5dx/(sq(e^x))
please give in exact form as well
thanks very much everybody.
2006-12-07 18:47:24 · 1 answers · asked by thesekeys 3 in Science & Mathematics ➔ Mathematics
I presume you mean to find:
Integral (5dx / sqrt(e^x))dx
Your form is a little confusing, but I'll solve it under those assumptions.
We can pull the constant 5 out of the integral.
5 * Integral (1/sqrt(e^x)) dx
Now, note that when taking the square root of something, it's the same as taking something to the power of 1/2.
5 * Integral (1/(e^x)^(1/2))dx
And, (e^x)^(1/2) = e^(x/2) [since we multiple the powers whenever we have a power to a power]

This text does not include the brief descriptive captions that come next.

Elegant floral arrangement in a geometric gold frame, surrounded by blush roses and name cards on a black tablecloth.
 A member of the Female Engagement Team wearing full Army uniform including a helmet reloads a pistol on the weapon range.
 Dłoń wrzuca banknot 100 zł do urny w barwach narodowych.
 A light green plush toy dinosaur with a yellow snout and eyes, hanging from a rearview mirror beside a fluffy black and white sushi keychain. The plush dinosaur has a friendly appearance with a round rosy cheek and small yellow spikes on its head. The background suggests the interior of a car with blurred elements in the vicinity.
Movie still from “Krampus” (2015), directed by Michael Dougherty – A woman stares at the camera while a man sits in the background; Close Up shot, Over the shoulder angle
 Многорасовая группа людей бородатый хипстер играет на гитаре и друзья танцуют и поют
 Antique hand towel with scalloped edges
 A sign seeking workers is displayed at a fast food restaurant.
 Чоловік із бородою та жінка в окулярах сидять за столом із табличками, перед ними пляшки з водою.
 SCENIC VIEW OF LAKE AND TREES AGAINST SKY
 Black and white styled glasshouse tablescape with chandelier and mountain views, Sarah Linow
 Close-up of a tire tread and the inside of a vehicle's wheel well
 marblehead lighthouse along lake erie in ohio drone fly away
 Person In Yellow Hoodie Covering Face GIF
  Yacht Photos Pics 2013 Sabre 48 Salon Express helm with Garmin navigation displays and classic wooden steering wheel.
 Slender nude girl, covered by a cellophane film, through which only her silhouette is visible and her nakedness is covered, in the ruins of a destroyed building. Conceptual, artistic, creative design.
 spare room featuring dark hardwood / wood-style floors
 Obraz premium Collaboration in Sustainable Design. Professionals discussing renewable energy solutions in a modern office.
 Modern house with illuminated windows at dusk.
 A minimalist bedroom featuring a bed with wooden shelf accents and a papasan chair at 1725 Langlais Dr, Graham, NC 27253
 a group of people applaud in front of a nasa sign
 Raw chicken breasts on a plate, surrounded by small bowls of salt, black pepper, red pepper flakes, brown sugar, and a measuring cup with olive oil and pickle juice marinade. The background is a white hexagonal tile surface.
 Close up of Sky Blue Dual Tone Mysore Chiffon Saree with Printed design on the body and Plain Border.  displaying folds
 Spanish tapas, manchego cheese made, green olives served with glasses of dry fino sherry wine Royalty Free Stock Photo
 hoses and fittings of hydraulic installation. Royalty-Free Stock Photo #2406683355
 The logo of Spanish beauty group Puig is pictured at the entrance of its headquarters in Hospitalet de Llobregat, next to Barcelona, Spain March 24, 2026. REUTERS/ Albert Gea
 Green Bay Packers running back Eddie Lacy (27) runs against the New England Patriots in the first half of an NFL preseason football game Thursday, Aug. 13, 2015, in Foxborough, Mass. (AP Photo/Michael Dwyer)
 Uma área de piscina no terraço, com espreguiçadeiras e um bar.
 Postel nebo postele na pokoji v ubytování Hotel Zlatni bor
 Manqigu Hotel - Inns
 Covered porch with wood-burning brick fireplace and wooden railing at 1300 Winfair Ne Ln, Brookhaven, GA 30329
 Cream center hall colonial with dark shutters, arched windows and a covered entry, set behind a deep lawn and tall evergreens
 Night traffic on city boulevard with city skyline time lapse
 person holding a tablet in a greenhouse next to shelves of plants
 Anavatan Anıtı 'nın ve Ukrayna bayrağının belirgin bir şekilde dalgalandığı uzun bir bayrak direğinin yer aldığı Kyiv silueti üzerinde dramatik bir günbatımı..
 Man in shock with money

5 * Integral (1/[e^(x/2)])dx
We can bring the exponent to the top, and the power becomes negative.
5 * Integral (e^(-x/2))dx
And now, we solve using regular substitution.
Let u = -x/2
du = -1/2 dx
(-2) du = dx
So now we're left with
5 * Integral (e^u * (-2) du)
And as always, pull out the constants.
-10 * Integral (e^u) du
And now the integral is trivial to solve.
-10 * e^u + C
Replace u = -x/2 back, to get
-10 * e^(-x/2) + C
Remember, it is proper math etiquette to never have negative powers, so we make a denominator for e^(-x/2)
-10 * (1/e^(x/2)) + C
(-10) / e^(x/2) + C
2006-12-07 18:56:14 · answer #1 · answered by Puggy 7 · 0⤊ 0⤋